Question

The set of real numbers between 0 t0 1 should be finite or infinte and explain it by reason

Answer 1

infinite, and uncountable as well

Answer 2

how please explain me,

Answer 3

First let's look at the definition of countability:
"A set S is called countable if there exists an injective function f from S to the natural numbers N = {0, 1, 2, 3, ...}." (Copied from Wikipedia)

Answer 4

ok then

Answer 5

Let's suppose that the set is countable.

Answer 6

And define a function f(x) such that for every natural number x, f(x) refers to some real number between 0 and 1

Answer 7

@kc_kennylau i just started sets and i just find the definition of it just tell me that o and 1 between these two what the numbers are present

Answer 8

For example,
\[
f(0)=0.\color{red}3363684485...\\
f(1)=0.6\color{red}955102578...\\
f(2)=0.26\color{red}39483653...\\
f(3)=0.006\color{red}5093130...\\
f(4)=0.8864\color{red}533021...\\
f(5)=0.84447\color{red}42908...\\
f(6)=0.862720\color{red}1508...\\
f(7)=0.8665645\color{red}627...\\
f(8)=0.39569269\color{red}52...\\
f(9)=0.824607139\color{red}4...\\ \]
Now, let's take the first digit of the first number, second digit of the second number, third digit of the third number, etc... and form a new number:
\[0.3935541654...\]

Answer 9

Now add one to all digits of this (if it's 9, convert it to 0)
\[0.4046652765...\]

@ziqbal103 my modem was down :/

Answer 10

ziqbal, your question was just about the set being finite or infite.

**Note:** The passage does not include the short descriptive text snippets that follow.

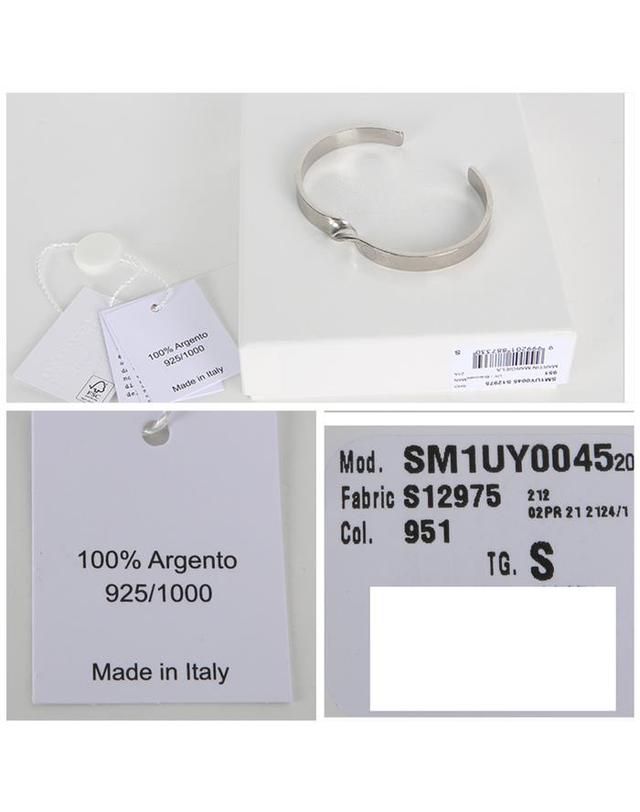 메종 마르지엘라 메종마르지엘라 SM1UY0045 S12975 951 트위스트 넘버 커프 착용컷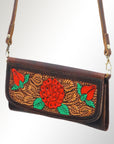 Hand Tooled Hand Painted Genuine Leather women bag western handbag purse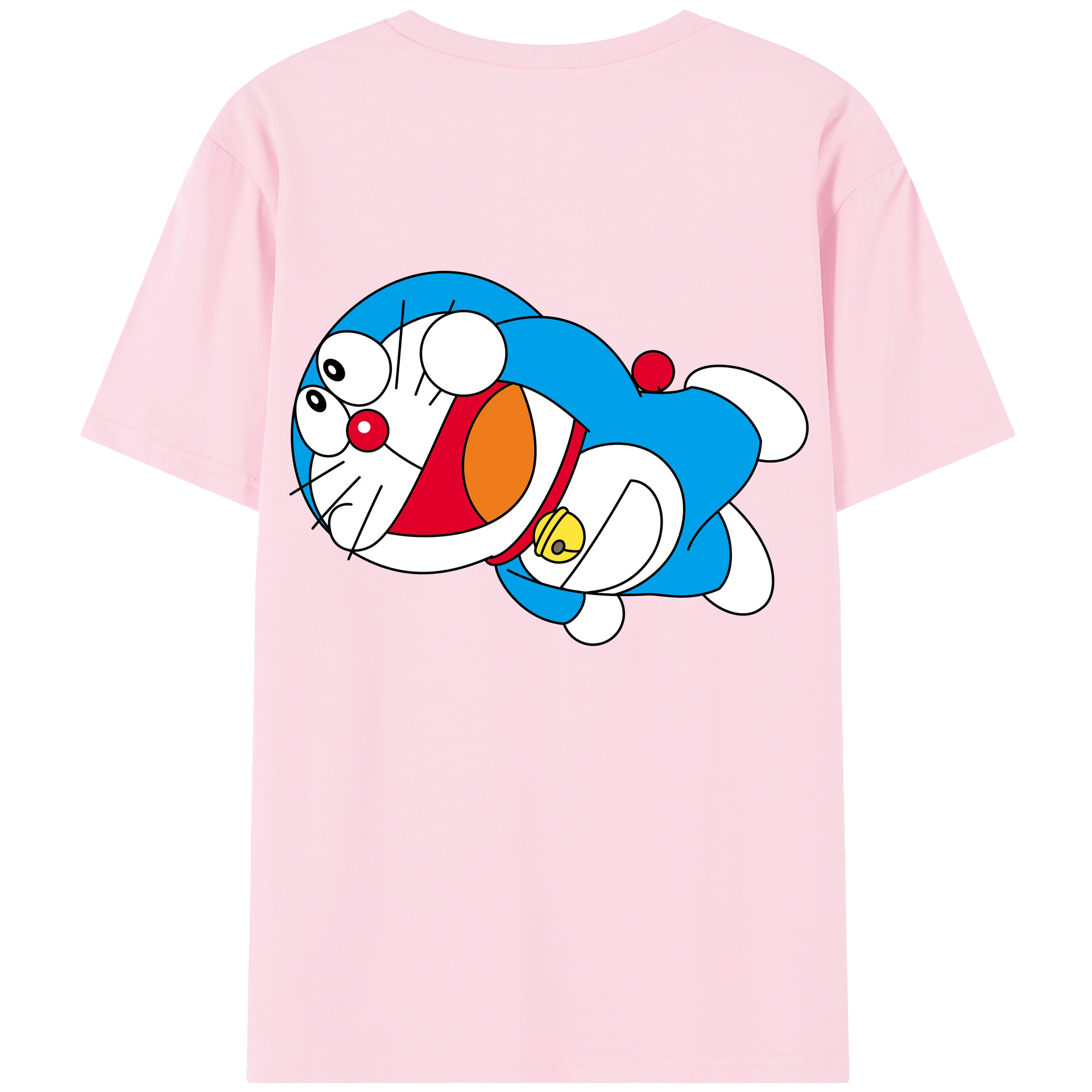（画像用） ドラえもん Doraemon 綿100％半袖Tシャツ（背面プリント）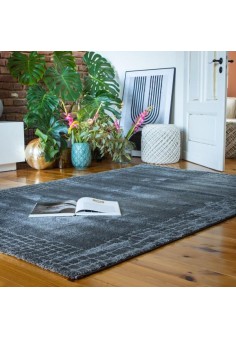 Tapis My Canyon 973 Effet 3D en Polypropylène et Polyester | Taupe et Crème 2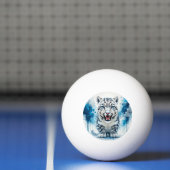 Balle De Ping Pong Léopard Blanc Féroce (Filet)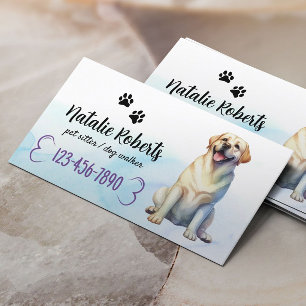 Hunde zu Fuß und Haustiere Sitter Happy Labrador W Visitenkarte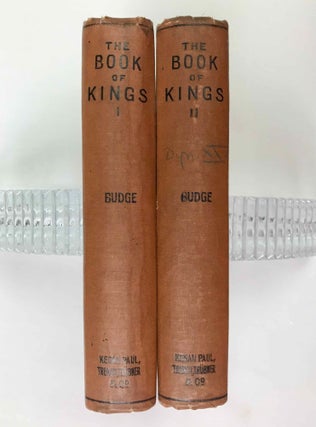 The book of the kings of Egypt. Or, The Ka, Nebti, Horus, Suten Bat, and Ra names of the pharaohs with transliterations from Menes, the first dynastic king of Egypt, to the emperor Decius, with chapters on the royal names, chronology, etc. 2 volumes (complete set)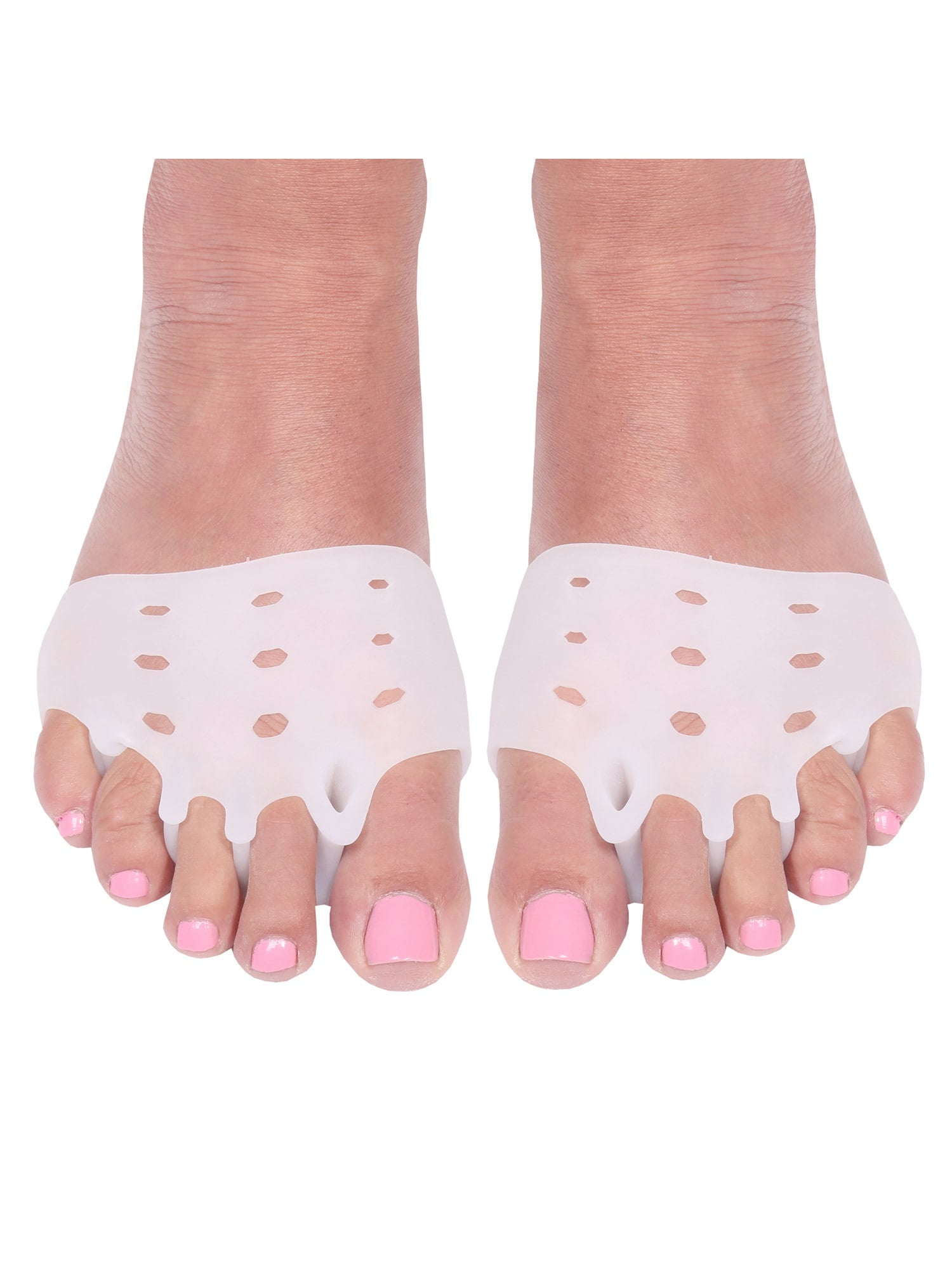US NORDIC IMPORT & EXPORT Gel Toe Spacer Sleeves for All Toes Set of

Don't get stuck on the countability therefore. :)
The set is inifite as already the rational numbers betwee 0 and 1 are infinite. Which you can prove very nicely by just writing them all down, each divisor in one line.

Answer 11

@techhelper @ziqbal103 oh i see sorry

Answer 12

To prove that the set of all real numbers between 0 and 1 is infinite:
The first digit has 10 probabilities.
The second digit has 10 probabilities.
The third digit has 10 probabilities.
And so on and so on.

Therefore, the number of all real numbers between 0 and 1
=10*10*10*.....
=\(\infty\)

Answer 13

@techhelper tell me how the rational numbers become infinte

Answer 14

and @kc_kennylau the difference b/w o and 1 there is more than 10 decimal digits i means infinite so am i right

Answer 15

@ziqbal103 sorry I fail to comprehend your last sentence.

Answer 16

Assuming they are finite, you can write them in a sequence that is always getting bigger: 0, a1, a2, a3, ... , 1. take any pair of them like a2 and a3 and have a look at a number between them: b=(a2+a3)/2. this is by definition a rational number again. however you just found a new one, that is not yet in your sequence, so your assumption of them being finite must be wrong.

Answer 17

@techhelper nicely done :D

Answer 18

For your real number question:

Assuming they are finite, you can write them in a sequence that is always getting bigger: 0, a1, a2, a3, ... , 1. take any pair of them like a2 and a3 and have a look at a number between them: b=(a2+a3)/2. this is by definition a real number again. however you just found a new one, that is not yet in your sequence, so your assumption of them being finite must be wrong.

Answer 19

@techhelper and @kc_kennylau now i get it thank you very much for helping

Answer 20

no problem :)

Answer 21

i wanna ask another question

Answer 22

\[\large z_1z_2=(a+ib)(c+id)\\\large\overline{z_1z_2}=(a-ib)(c-id)\\\large z_1z_2\overline{z_1z_2}\\\large=(a+ib)(a-ib)(c+id)(c-id)\\\large=(a^2+b^2)(c^2+d^2)\\\large=|z_1z_2|^2\]

Answer 23

I mean \(\large|z_1|^2|z_2|^2\)

Answer 24

@Directrix @ganeshie8 just wanna check if I'm correct thanks

Answer 25

i think same case will be with(z1+z2)(z1.z2whole bar)....?

Answer 26

Sorry I'm not familiarized with complex number :/

Answer 27

ok@kc-kennylau.and @techhelper you?

Answer 28

@ehuman

Answer 29

@CGGURUMANJUNATH

Answer 30

@kc_kennylau where are you help me i am sending you a link an attachement so that you make me clear that z1+z2whole modulus is less than z1modulus +z2 modulus
ATTACHEMENT

Answer 31

http://www.suitcaseofdreams.net/properties_modulus.htm
BY THIS LINK CAN YOU HELP ME @kc_kennylau

Answer 32

Sorry I'm not familiarized with complex number

Answer 33

This is my reasoning:

Take a number between 0 and 1. Divide it by 2. Divide the next number by 2. Keep dividing until you're convinced you will keep getting numbers no matter how much you divide.